Not that what the man looked like really mattered one way or another, Ashley told herself—except for the fact that it was the good-looking ones who were usually also the pompous ones.
“Then it’s lucky for you that she got here first. Those doors don’t kick in as easily as you might think, Detective Cavanaugh. That’s a fire door, and they’re pretty damn sturdy. They only get ‘kicked down’ in movies and TV shows,” a deep voice coming from directly behind her said amicably.
Ashley turned to see a tall, handsome older man walking in. He was carrying a rather formidable leather case with him. The letters CSI were embossed across the side of it.

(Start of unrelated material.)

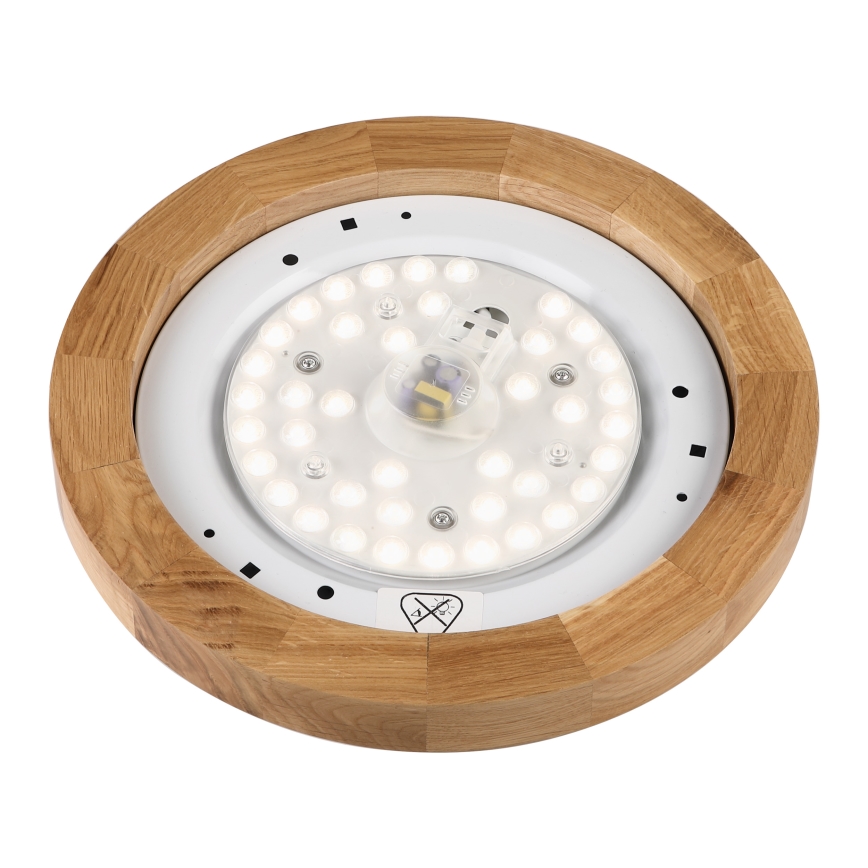 Brilagi - ЛЕД стельове світильник BELLADONNA LED/20W/230V діаметр 30 см білий/дуб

Apparently seeing that she was looking at his case, the newcomer told her, “I’m with the crime lab.” Ashley found it rather unusual that the investigator would tell her that rather than the detective, then realized that most likely, the detective had already been acquainted with the crime scene investigator.
Extending his hand to her, the man introduced himself. “I’m Sean Cavanaugh.”
She flashed a smile at him, grateful to be treated as a person. A great many people on the force acted as if she was part of the scenery—inconsequential scenery, at that. That went along with the fact that there were those in the police department who viewed the people in her division as being no more than just glorified dog catchers.